(Brief descriptive captions)

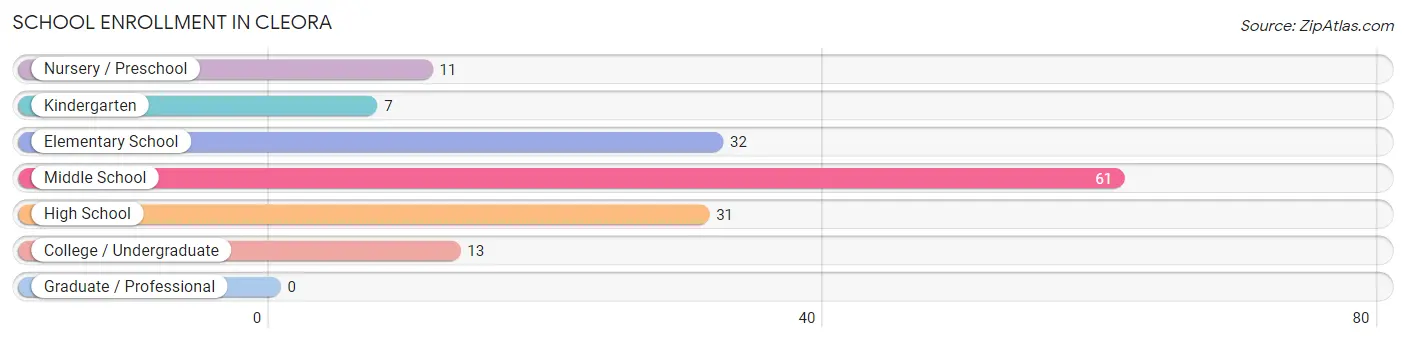 School Enrollment in Cleora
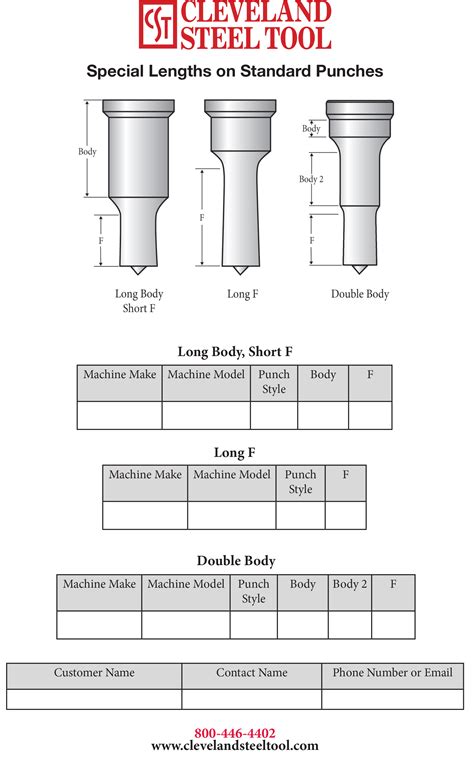 Special Lengths On Standard Punches Cleveland Steel Tool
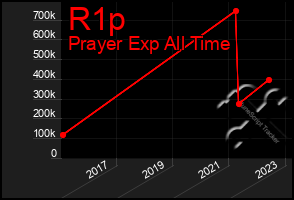 Total Graph of R1p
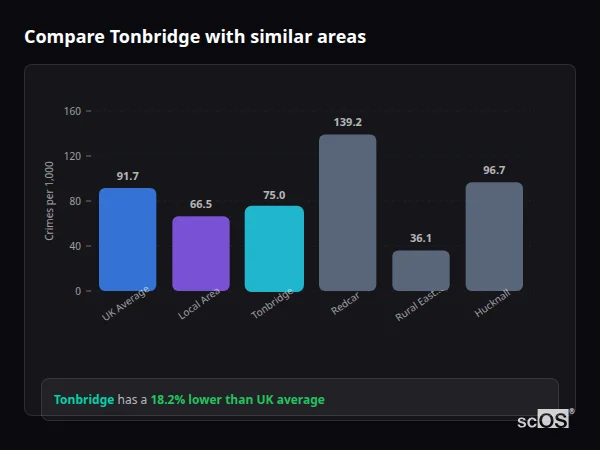 Compare Tonbridge with similar populations Compare Tonbridge with similar populations - Tonbridge crime rate is 18.2% lower than UK average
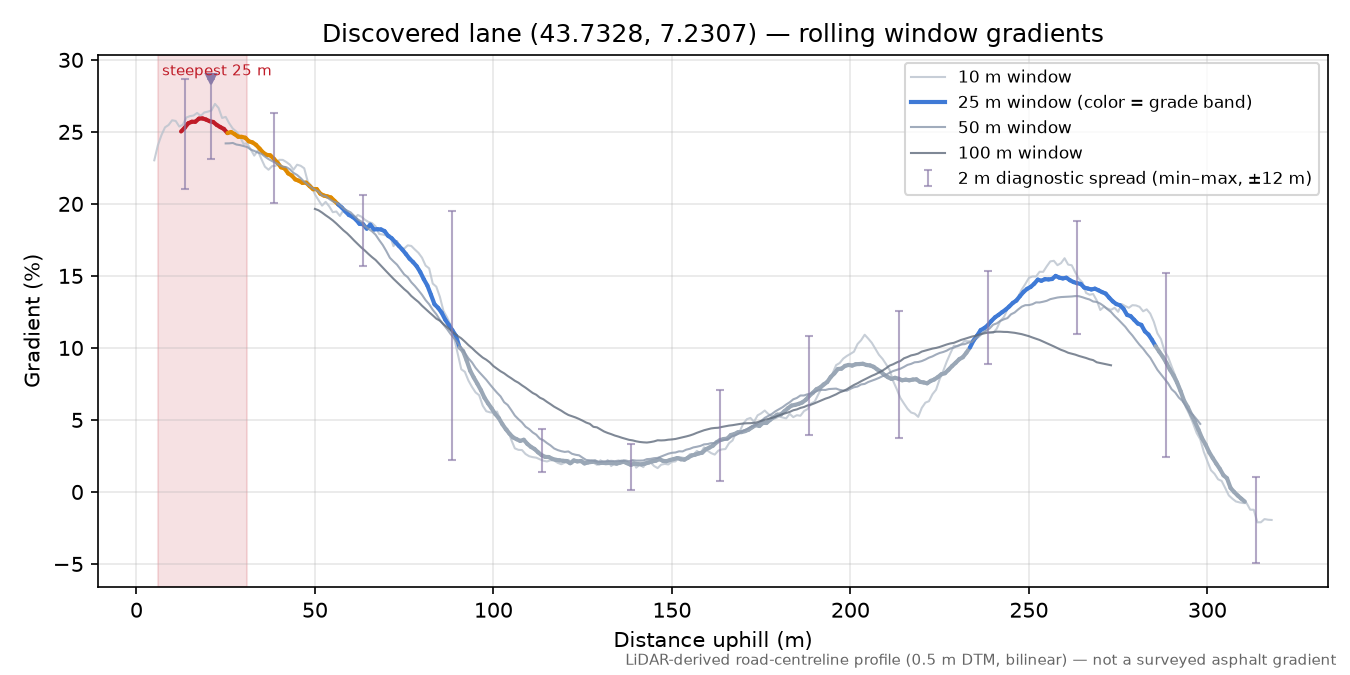 Discovered lane (43.7328, 7.2307) rolling gradient profile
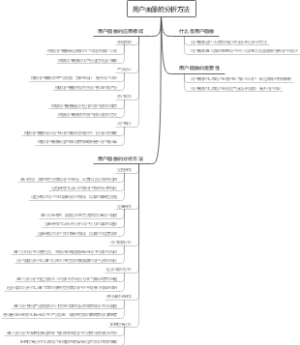 用户画像的分析方法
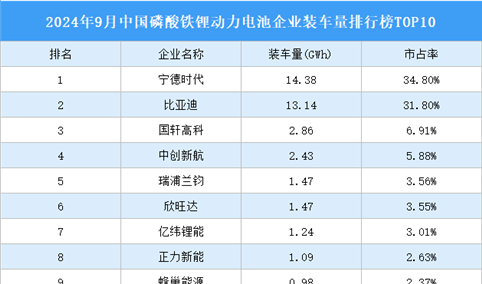 2024年9月中国磷酸铁锂动力电池企业装车量排行榜TOP10（附榜单）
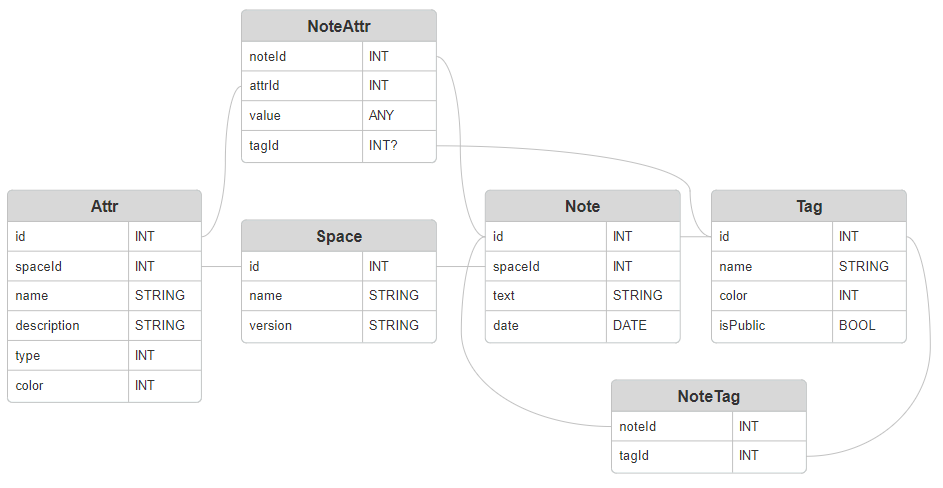 Notu Schema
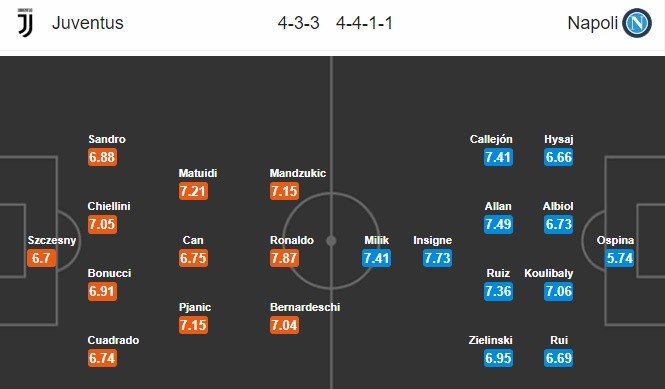 23h00 ngày 28/09, Juventus vs Napoli: Biến thất vọng thành động lực - Bóng Đá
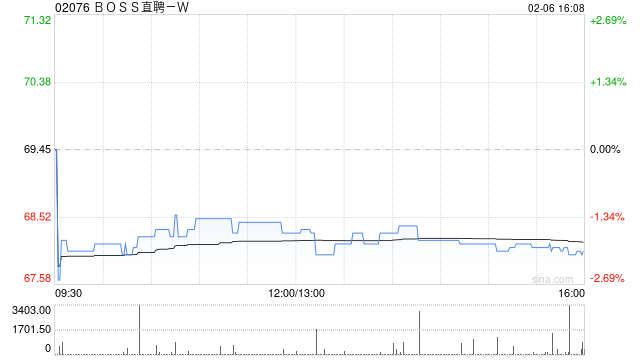 BOSS直聘-W：受托人根据首次公开发售后股份计划购买合共34.42万股A类普通股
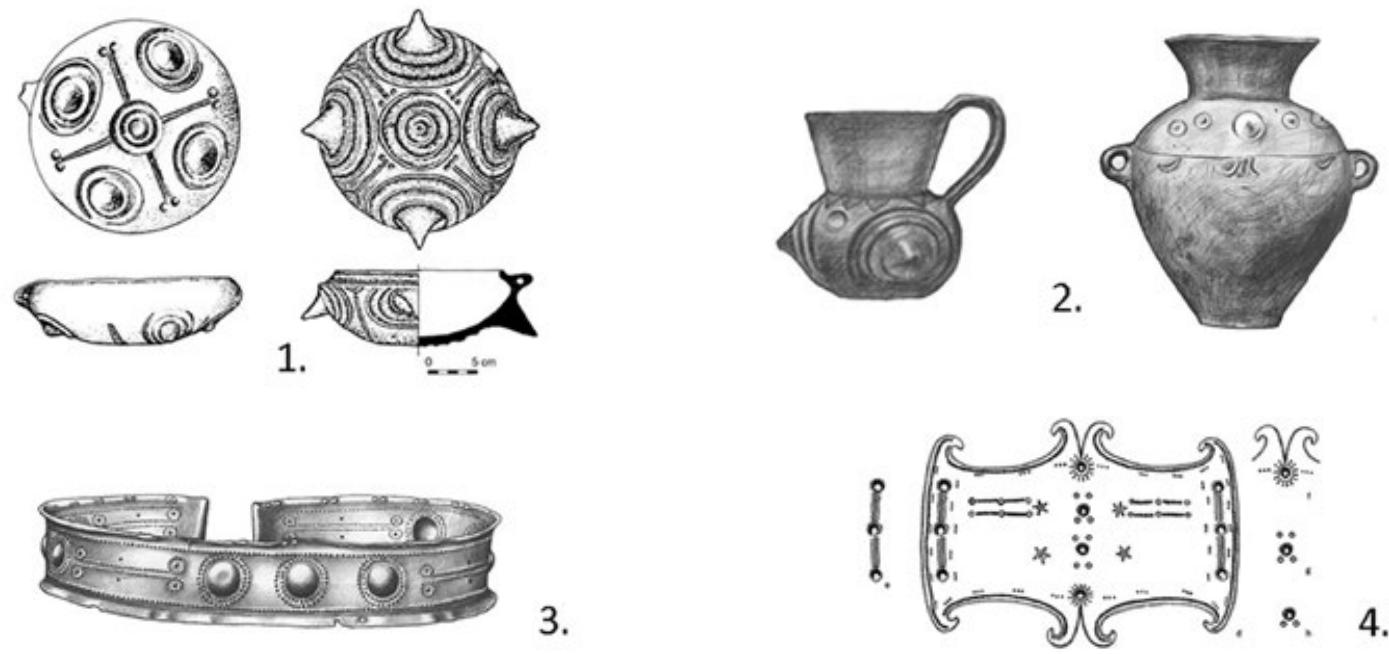 Fig. 5: Concentric decorations on ceramic and bronze objects of the same period (after P. Fischl and Kertész 2013: Fig. 3).  Bringing Down the Iron Curtain. Paradigmatic change in research on the Bronze Age in Central and Eastern Europe! 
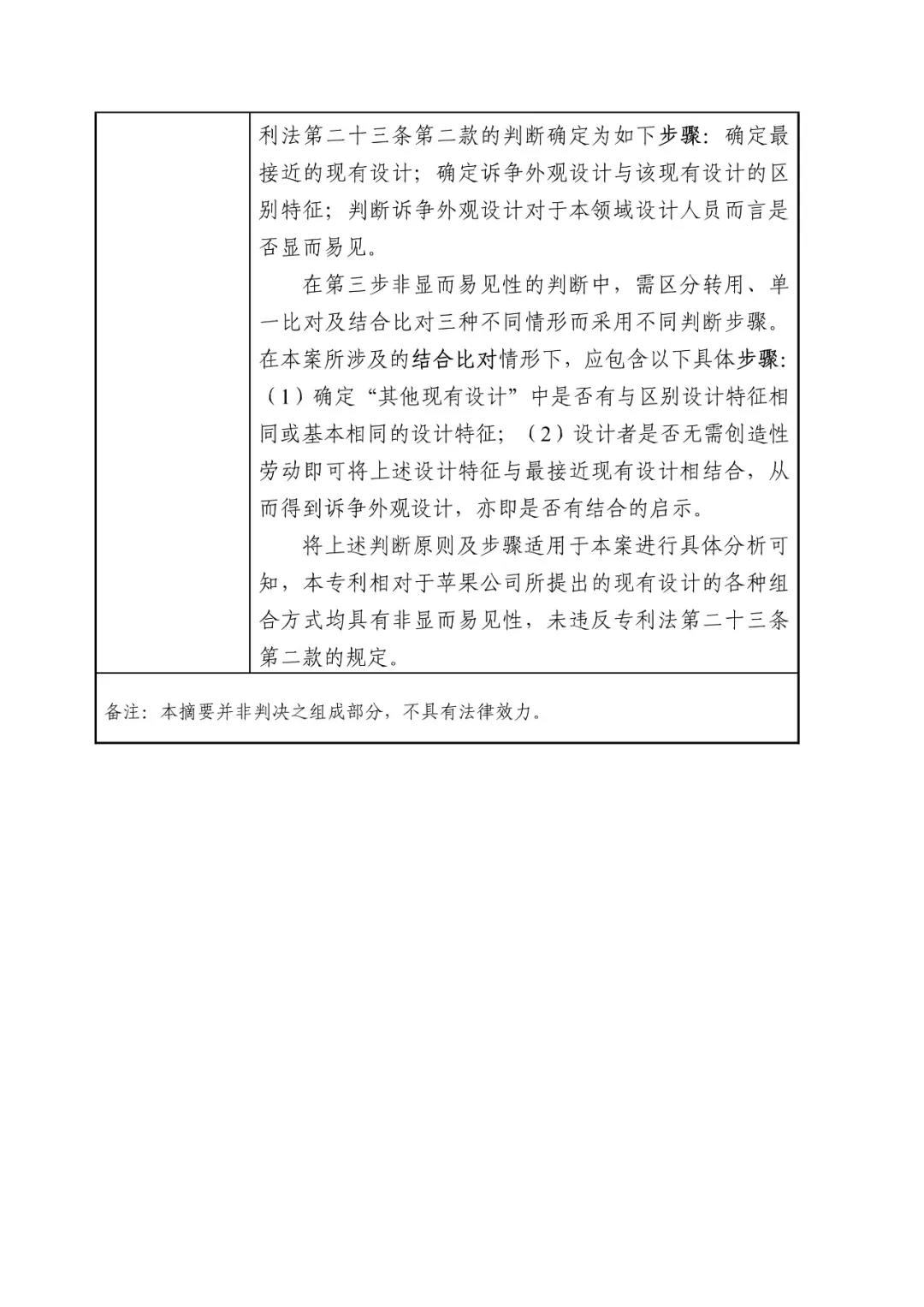 蘋果訴佰利專利無效案（判決書全文）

> **Task goal**
From the line with "2024年9月中国磷酸铁锂动力电池企业装车量排行榜TOP10（附榜单）" to the final line of the entries above, reproduce each line exactly and nothing else; the pictures stay out.

> **Output of the exercise**
 2024年9月中国磷酸铁锂动力电池企业装车量排行榜TOP10（附榜单）
 Notu Schema
 23h00 ngày 28/09, Juventus vs Napoli: Biến thất vọng thành động lực - Bóng Đá
 BOSS直聘-W：受托人根据首次公开发售后股份计划购买合共34.42万股A类普通股
 Fig. 5: Concentric decorations on ceramic and bronze objects of the same period (after P. Fischl and Kertész 2013: Fig. 3).  Bringing Down the Iron Curtain. Paradigmatic change in research on the Bronze Age in Central and Eastern Europe! 
 蘋果訴佰利專利無效案（判決書全文）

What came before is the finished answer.